ASSIGNMENT:
Where the records below show a line containing "Superfood chickpeas lie", start copying; end with the line containing "A picture of", and copy it too.
(Beginning of DATA FOR THE TASK)
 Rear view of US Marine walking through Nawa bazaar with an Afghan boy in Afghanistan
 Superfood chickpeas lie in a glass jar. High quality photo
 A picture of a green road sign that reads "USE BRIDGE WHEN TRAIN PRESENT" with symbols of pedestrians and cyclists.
(End of DATA FOR THE TASK)
(Beginning of DATA FOR THE TASK)
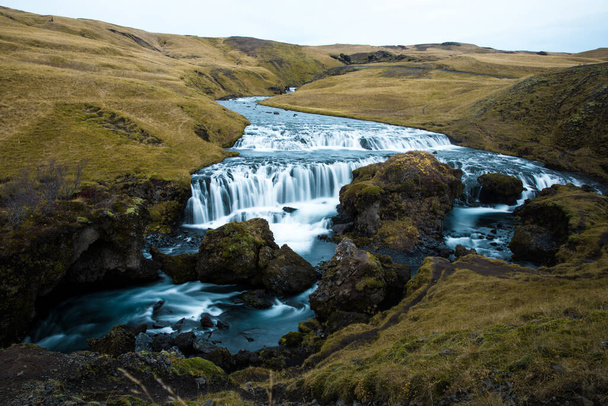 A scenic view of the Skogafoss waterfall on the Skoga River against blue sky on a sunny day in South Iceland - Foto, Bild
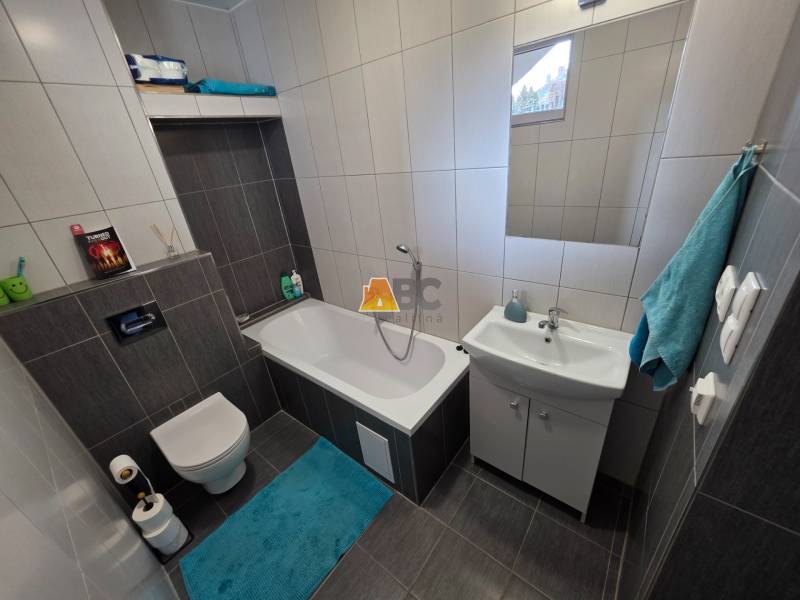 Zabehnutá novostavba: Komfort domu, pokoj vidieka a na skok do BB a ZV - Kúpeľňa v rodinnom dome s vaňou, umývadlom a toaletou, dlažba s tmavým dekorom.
(End of DATA FOR THE TASK)
SOLUTION BELOW:
 Superfood chickpeas lie in a glass jar. High quality photo
 A picture of a green road sign that reads "USE BRIDGE WHEN TRAIN PRESENT" with symbols of pedestrians and cyclists.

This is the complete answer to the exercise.